# question for the bass guys.....



## jeepguyjames (Sep 24, 2008)

Hope every one had a merry Christmas......ok my question......im looking for a good bait cast reel to put on a crank bait rod I just purchased......St croix was running a promotion where if you bought two st croix rods (230 dollars total) they would send you a rage rod for the cost of shipping (19.95).....so I pulled the trigger on a crank bait rod (7ft med-heavy, moderate action, mojo bass) and another st croix I intend to crappie fish with.....im a very avid crappie angler, but decided last year to learn (or attempt to learn) how to bass fish.....started with a few inexpensive setup's just to see if I liked it or not.....now that I realize its somthing I will do on a consistant basis im after a few decent sticks to fish with.....im knlw how to cast a bait cast reel, but I dont know what to look for in a decent one to throw crank baits with.......so what do I look for in a decent bait cast reel to put on a crank bait stick? Any suggestions on what kind to consider would be welcome advice also. Thanks for any input and God bless.


----------



## Marshall (Apr 11, 2004)

Most are gonna tell you a low gear ratio like 5:2:1. If you are gonna throw big crankbaits like a norman dd22 or strike king xd6 then i would say get the 5:2:1 reel. I throw a lot of shallow crankbaits and smaller profile ones like a bandit 200 or rapala dt6. For those smaller cranks i prefer a 6:2:1 ratio. Reason being they are easy to wind in and sometimes speed gets you bit, you can always slow down if you have to. With my slower gear ratio reels if i throw a small bait like the bandit 200 it feels like i am winding my [email protected]@ off. As for reels i like shimano. Chronarch, curado then citica in that order. All are good reels and cast well. The 4 bearing citica can be turned into a 5 bearing reel simply by relpacing a bushing with a bearing in the drive shaft. (easy fix). But honestly it may be hard to tell the difference unless you fish a ton. I have friends that like the revo, they cast well but i don't own one. If it were me i would not get a 50 or 60 dollar reel and expect it to perform like a 120 or 200 dollar reel or last like one.
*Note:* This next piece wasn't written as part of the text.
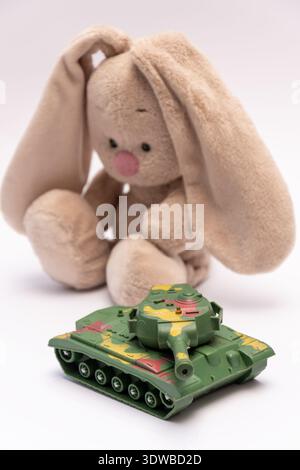 Tank vor weichem Spielzeughasen auf neutralem Hintergrund platziert. Stockfoto
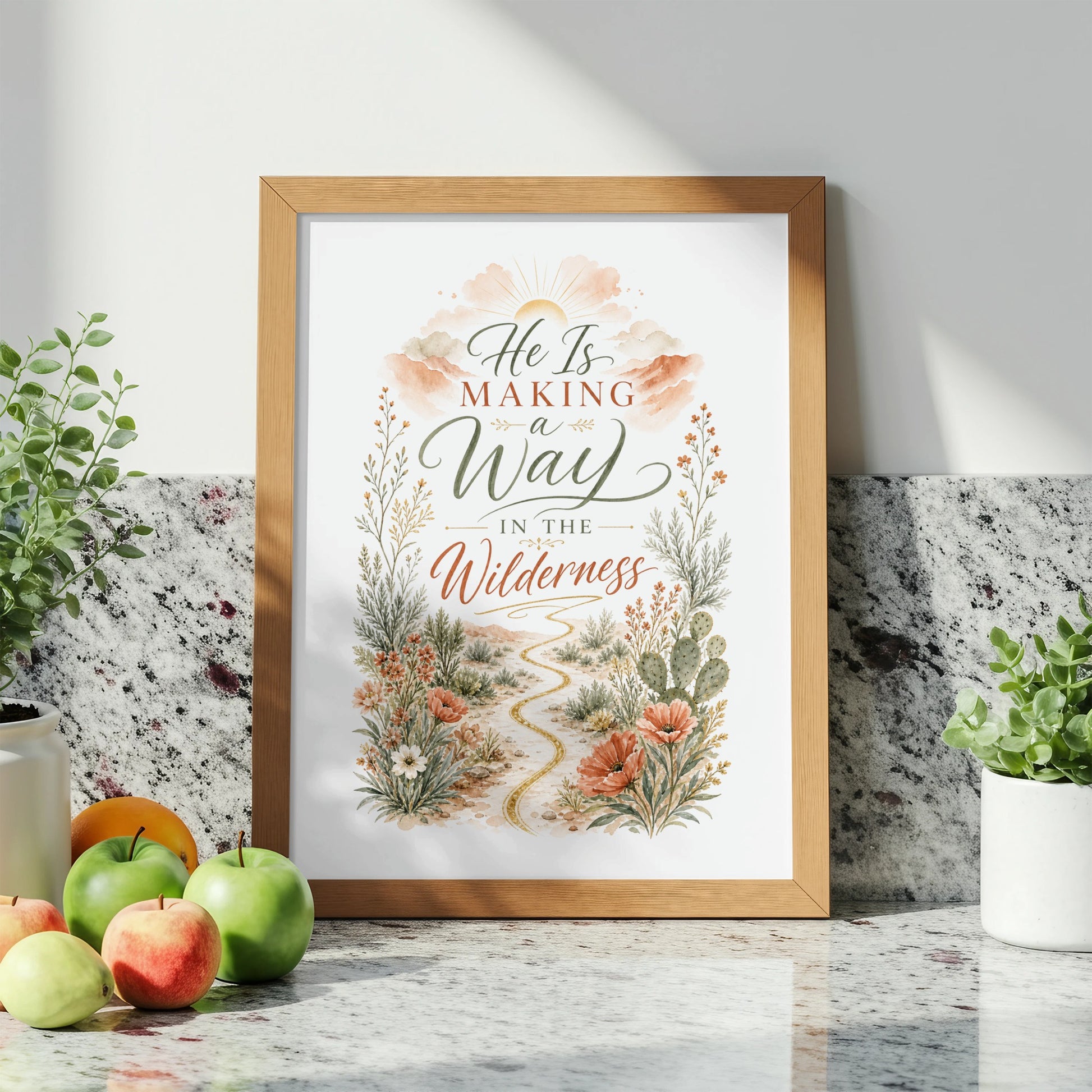 Framed artwork with text "He Is Making a Way In The Wilderness" and floral desert scene.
I have shimanos over 10 years old that still perform like new, you just have to take care of them.


----------



## oldstinkyguy (Mar 28, 2010)

I own several different kinds of spinning reels but my baitcasters all have one thing in common. They have the word Shimano written on them. I too have one thats over a decade old that still feels new.


----------



## co-angler (Jan 3, 2010)

I'm with Marshall and OSG, Although Shimano's are not the only bait casters out there, they certainly are a great reel. I personally think a Caenan sounds like the reel for you. It won't break the bank and it casts very well. Like Marshall has stated, higher gear ratios can be slowed and the reel I mentioned has a higher gear ratio. Rick Clunn swears that cranks, especially shallower running ones need reeled in fast! If the pattern proves that you need to slow down, then higher ratio reels allow for this. The Caenan answers all these duties. Remember, it's better to have it and not need it, than to need it and not have it!
Good luck!


Posted using Outdoor Hub Campfire


----------



## StumpHawg (May 17, 2011)

Curado reel has been recomended to me James from some very good bass fishermen. I got some gift cards on Christmas and plan on pulling that trigger


----------



## jeepguyjames (Sep 24, 2008)

Thanks for the input so far......Shimano wasn't even on the radar.....don't know why honestly, have had nothing but good experience with the various spinning model Shimano's......was eyeing the revo's, but had no clue what else to look at


----------



## uncadave (Nov 4, 2010)

About 20 or so years ago, Daiwa was the only reel I would use (spinning or baitcasting). About 16 years ago (when I started the job I am still at), a gent here let me borrow a Shimano Curado...I thought so much of it, I purchased a couple. From there, that was the only reel I have bought (12 of them total, now). I simply clean them every year (and replace bearings, clutch dogs, etc. as needed), but I still have the original 2 I bought back then (yes, they still work). Oh, yeah - and I cast - a lot.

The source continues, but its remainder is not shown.